Sunday, April 18, 2010

Provence: Day Two - The Hike

Verdon Gorge
Sunday, April 11

This morning we woke up in our charming little hotel at the base of the hill in which Moustiers-Sainte-Marie rests ready for our first real hike together.

Staying at Le Colombier was kind of like visiting your grandparents' house.  The hallways were covered in fabric, the wooden stairs creaked their age so Grandma would know what hour you finally got in, and there was a cozy salon where we took our cafe before we left for Verdon Gorge a few kilometers up the road.  It was quaint, the owners were super friendly and helpful, and we felt at home there.  We also did a lot of pantomiming.

I did a little hiking on family trips as a kid, but nothing notable in years, so for the sake of both our bodies and ability to enjoy the rest of the trip, we went with a hike of medium difficulty that would last only around 3 hours.  The Fisherman Trail, le Sentier des pecheurs, would take us down to Verdon River, and back up and out again.

Here we go!

Having read about the gorge and the various hikes marked throughout, Chris printed out one guy's description of this trail, complete with pictures of what he saw along the way, to make sure we were on the right track.  Here, Chris is pointing to the picture of what you see behind him - so far, so good!  Later, when we would get a little confused with disappearing markers near one rocky edge of trail, we'd realize a map of the trails also would have been a good idea.  But alas, we were newbies, complete with running shoes (not great for traction on rocks, nor for ankle support when climbing), printed out trail tips, and eager spirits.

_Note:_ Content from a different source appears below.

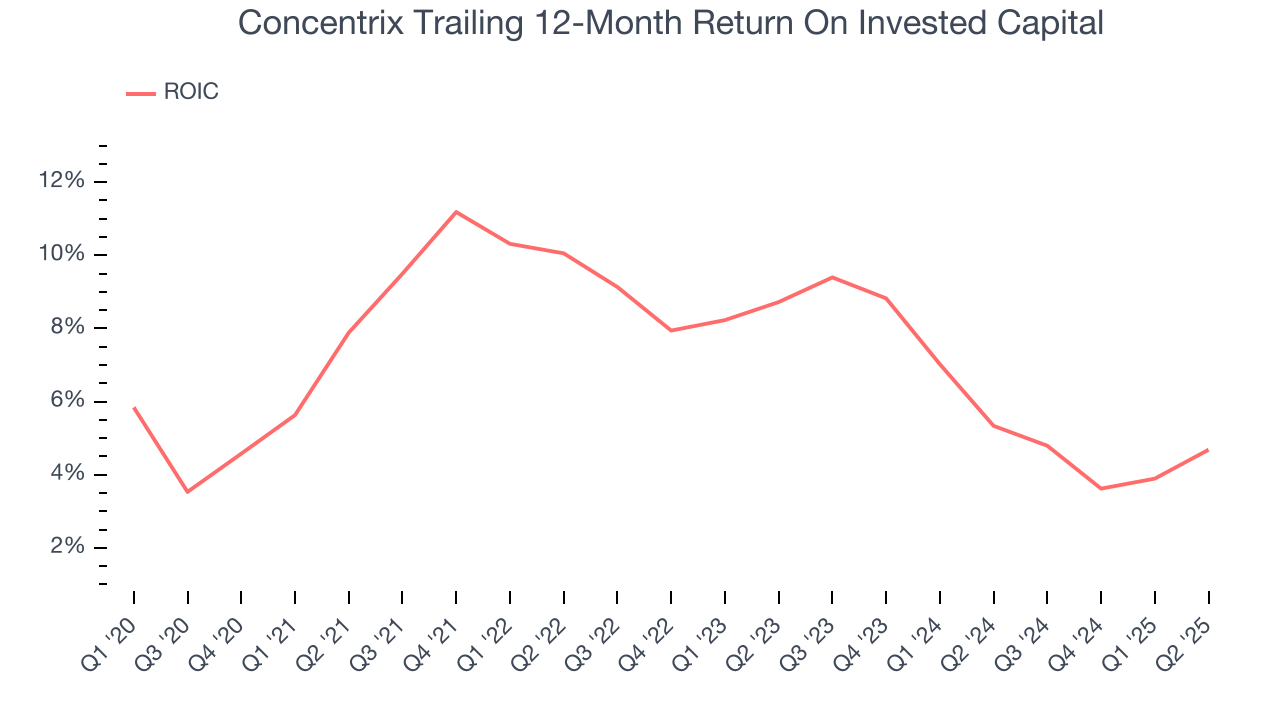 Concentrix Trailing 12-Month Return On Invested Capital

Here is the Verdon River, turquoise serenity flowing through a pebble river bed.  We stopped here to soak it in and have a picnic lunch on the flattish rock you see here.  I also had my first opportunity to use Mother Nature's bathroom for the first time in years.  Go Hiking!

Another gross tidbit to add a little flavor to this story - I began this trip congested and Hiking Day brought no relief.  Do you think I thought to bring along tissues to keep things under control?  Of course not, and so asking Chris to look away, I was forced to blow a handful of snot rockets that would have made my Papa and brother proud.  (My Papa was the first person I ever saw do such a thing, and I loved him desperately.  And being a little tomboy who wanted to be just like my big brother growing up, I received coaching on how to rid myself of various forms of mucus just like he did.)

But back to prettier things.  We came across a gorgeous waterfall plunging down through the forest to the river below and had it been hotter, we would have been wetter.
This is also where we got a little turned around.  This particular trail is marked by yellow dashes and arrows on trees and rocks, and after hitting the waterfall, the badly translated trail tips and lack of yellow markings made for a little waiting around for more hikers to come our way.  We tried out a couple of unmarked paths, but both narrowed and stopped, either by way of a green wall of forest or a rather abrupt drop down to the rocks below.  Eventually a Swiss couple found the waterfall, too, and while we stood aside and let them have their waterfall-picture-time fun, a group of French hikers joined the pack.  Soon, everyone was equally as confused as we were, but luckily the French had that handy trail map I mentioned earlier and between the ten of us, we found the right path to take us on our way.  It turns out part of the waterfall's eager water had cut another small stream down the center of our intended trail, AND the yellow marker to grab the hiker's attention was mostly worn away.  
Thank goodness for the French! 

Almost we came to a small grassy clearing halfway between the river below and the winding mountain roads above.  The view, gorgeous,     though a little chilly when the clouds moved in.
When we reached the lot where we'd left the car, we waved thankful goodbyes to the helpful French hikers who saved the day and drove down to the lake where Verdon River ends, Lac de Sainte-Croix.  Surprisingly, the pedometer only clocked in 12,119 steps, but WE knew we worked hard.    

A lovely way to end the hike - sitting by the lake.

Once back at the hotel, we indulged in a mid-day nap in grandma's hotel room on the hard as a board brass bed, before cleaning up and walking up into town for another fabulous meal a Cote Jardin.  This was a true vacation :) and it had only just begun.